Contrairement à la Turquie, la Grèce est très avare de marinas. Beaucoup sont « en cours de réalisation » - la plupart du temps avec des fonds européens – et bien peu sont finies. Il semble que tout s’arrête après la réalisation des pontons d’amarrage. Les infrastructures – blocs sanitaires, bornes d’eau et d’électricité, surveillance etc rien n’est en place. L’avantage est bien sûr de bénéficier gratuitement de ces possibilités d’amarrage bien protégées. Mais il y a des exceptions et la marina de Levkas le long du canal du même nom en est une et c’est l’occasion de résoudre enfin un problème qui perdure depuis le début de la croisière : l’accouplement de la pompe de refroidissement du circuit hydraulique des stabilisateurs. Le capitaine avait réalisé un dessin d’une nouvelle pièce d’accouplement mais jusqu’à présent les ateliers de mécanique équipés d’un tour et d’une fraiseuse s’étaient montrés beaucoup plus rares que les marchands de tomates.
Takis contemple le dessin du capitaine : « Non c’est impossible. Nous n’avons pas l’équipement à Levkas ». « Ce n’est pas si compliqué. On peut réaliser cette pièce comme-ci et comme ça … » réplique le captain. Long silence méditatif. « Et vous la voulez pour quand cette pièce ? » « Hier ! » réplique le captain. « Impossible ! Mais OK pour demain 9.00 » Et bien le lendemain à 9.00 la pièce était terminée. Merci Takis.
Une séance de sauna au fond du compartiment moteur plus tard, la pièce était en place et le problème résolu. Enfin, on l’espère.
Levkas : encore une ville de la région rasée par le tremblement de terre de 1953 et reconstruite de manière un petit peu anarchique, un petit peu hétéroclite, avec les moyens du bord. Les tôles ondulées provisoires ont perduré et peintes, sont devenue coquettes. Ici et là, quelques demeures en bois à encorbellement aux balcons de fer forgés qui ont résisté au séisme. Levkas ? Vous mettez Cayenne et le Grau du Roi au fond d’un « shaker » vous secouez bien fort, c’est ça Levkas. Pierre aurait dit « délicieusement populaire ! ». Nous on dit « sympathique et attachant ».

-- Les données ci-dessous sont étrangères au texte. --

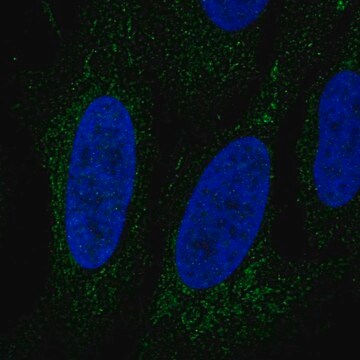 Anti-LINGO3 antibody produced in rabbit Prestige Antibodies&#174; Powered by Atlas Antibodies, affinity isolated antibody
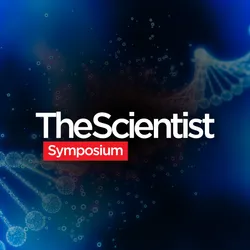 Tackling Translational Needs in Gene Editing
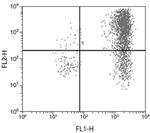 IL-6 Antibody in Flow Cytometry (Flow)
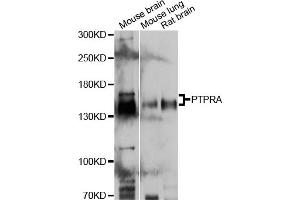 Western blot analysis of extracts of various cell lines, using PTPRA antibody.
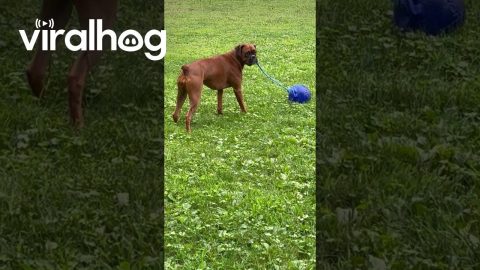 Boxer Dog Swings Ball Around || ViralHog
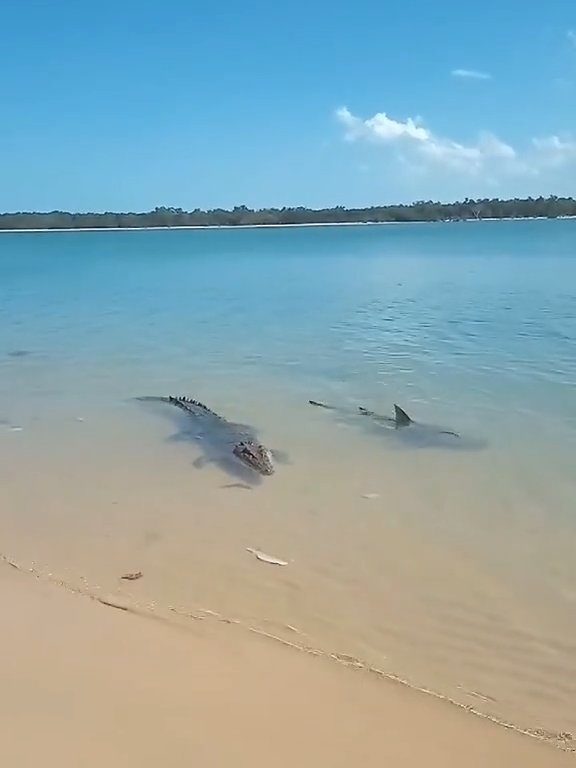 Tiburones contra cocodrilos, batalla épica filmada por un pescador: video viral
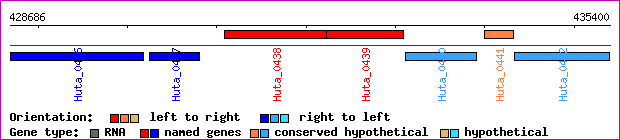 gene map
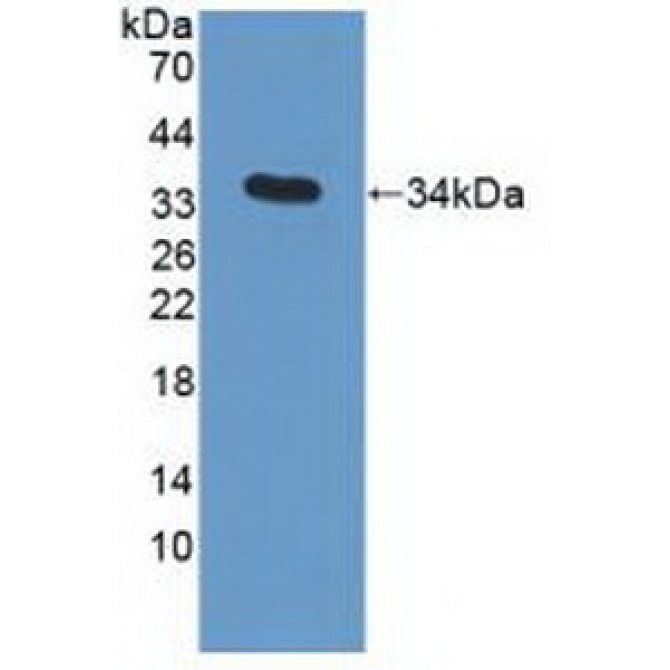 Apolipoprotein C3 (APOC3) Human Polyclonal Antibody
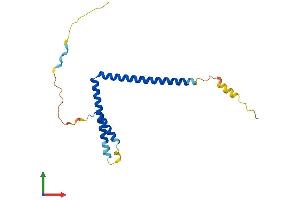Protein Structure (PS) image for Mediator Complex Subunit 28 (MED28) (AA 1-178) protein (His tag) (ABIN7560172)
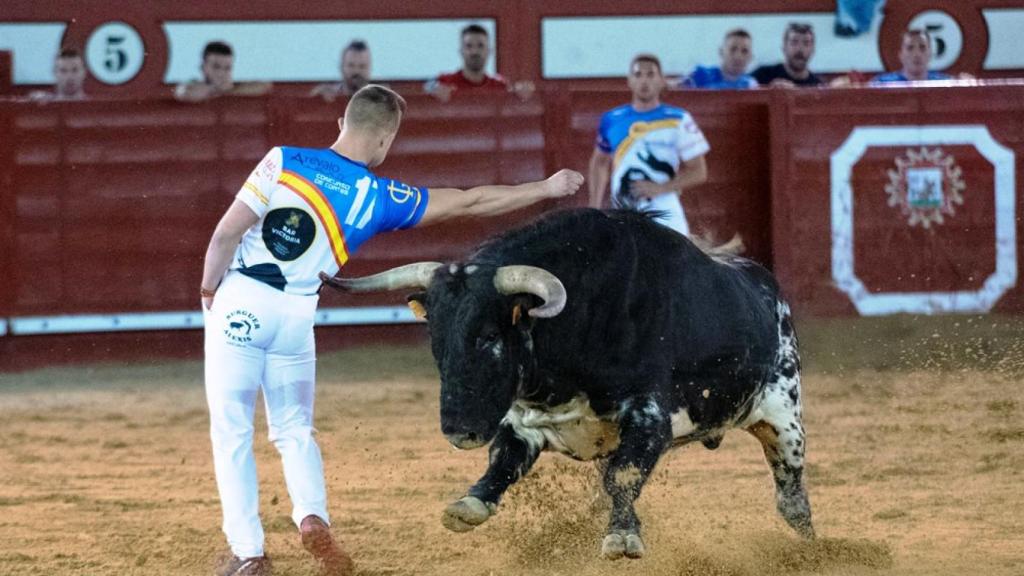 Imágenes del Concurso Nacional de Arévalo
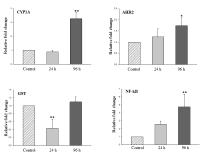 4-NP(100 μg/L)에 대한 detoxification – related genes의 발현 변화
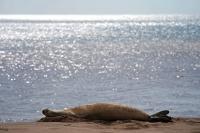 Viral Hawaiian Monk Seal Changes The Conversation On Molokaʻi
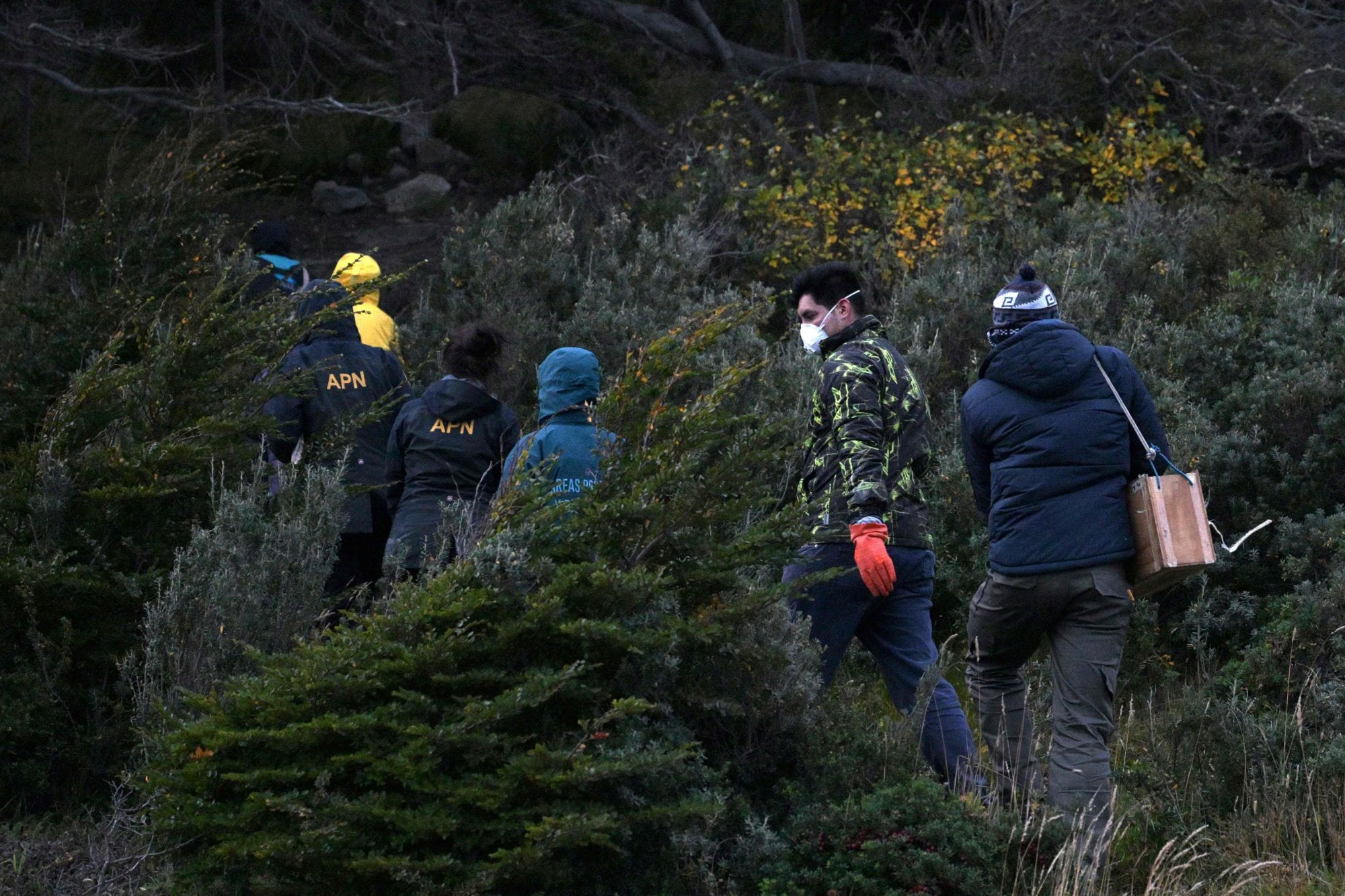 Uno por uno: los cinco lugares de Ushuaia donde buscarán el origen del brote de hantavirus en un crucero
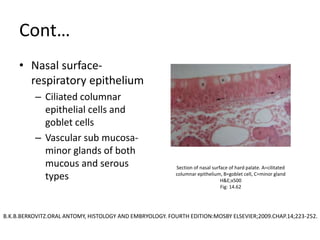 Cont…
• Nasal surface-
respiratory epithelium
– Ciliated columnar
epithelial cells and
goblet cells
– Vascular sub mucosa-
minor glands of both
mucous and serous
types
Section of nasal surface of hard palate. A=cilitated
columnar epithelium, B=goblet cell, C=minor gland
H&E;x500
Fig: 14.62
B.K.B.BERKOVITZ.ORAL ANTOMY, HISTOLOGY AND EMBRYOLOGY. FOURTH EDITION:MOSBY ELSEVIER;2009.CHAP.14;223-252.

Une fois de plus les « ponts et chaussées » se montrent reptiliens : la route serpente le long d’escarpements boisés d’oliviers et de pins qui alternent avec des falaises abruptes ourlées de plages d’albâtre. La côte ouest de l’île de Levkas, pratiquement inaccessible il y a encore dix ans, se dévoile aujourd’hui, superbe.
Quand on est femme au 7ème siècle avant JC, qu’on a l’esprit libre, qu’on se lance dans l’écriture de poèmes au contenu osé vantant les affinités féminines, la controverse et la critique doivent aller bon train. Est-ce pour cela ou un chagrin d’amour que Sapho, « La dixième muse » comme l’appelait Platon, se jeta de cette falaise que domine aujourd’hui le phare Doukato ? Une fin de poétesse, face à la beauté des îles qui s’égrènent à ses pieds flottant sur des eaux bleu gris : Ithaque, Céphalonie, Arkoudhion, Atokos.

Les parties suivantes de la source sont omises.